- _PROBLEM STATEMENT_
Print the listing exactly as it stands, and skip any pictures in it.

- _DATASET EXTRACT_
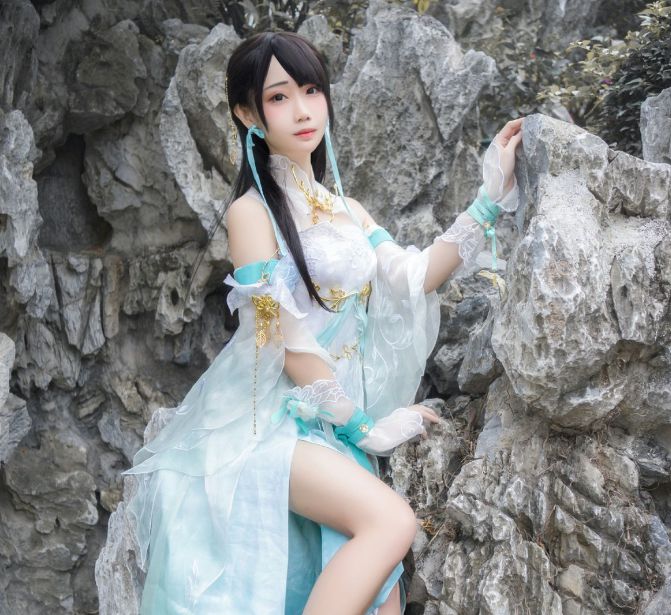 焖焖碳cos逆水寒、雷姆∕蕾姆作品鉴赏
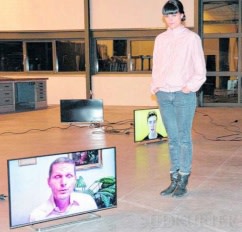 ANAHITA RAZMI / Vielsagendes Stimmengewirr in der Bilhauerwerkstatt
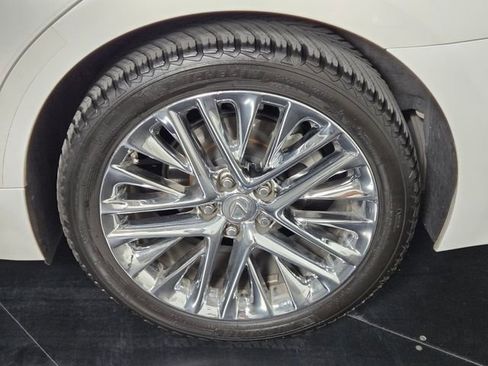 Used 2018 Lexus ES 350 w/ Luxury Package w/Wood Trim image 11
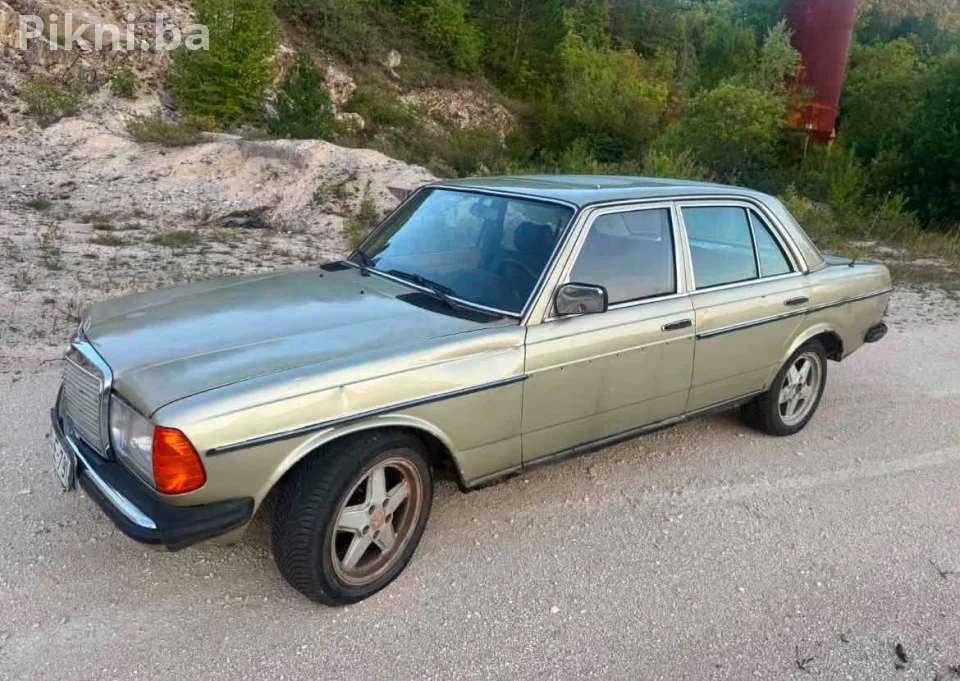 Mercedes 123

- _SOLVED PROBLEM_
 焖焖碳cos逆水寒、雷姆∕蕾姆作品鉴赏
 ANAHITA RAZMI / Vielsagendes Stimmengewirr in der Bilhauerwerkstatt
 Used 2018 Lexus ES 350 w/ Luxury Package w/Wood Trim image 11
 Mercedes 123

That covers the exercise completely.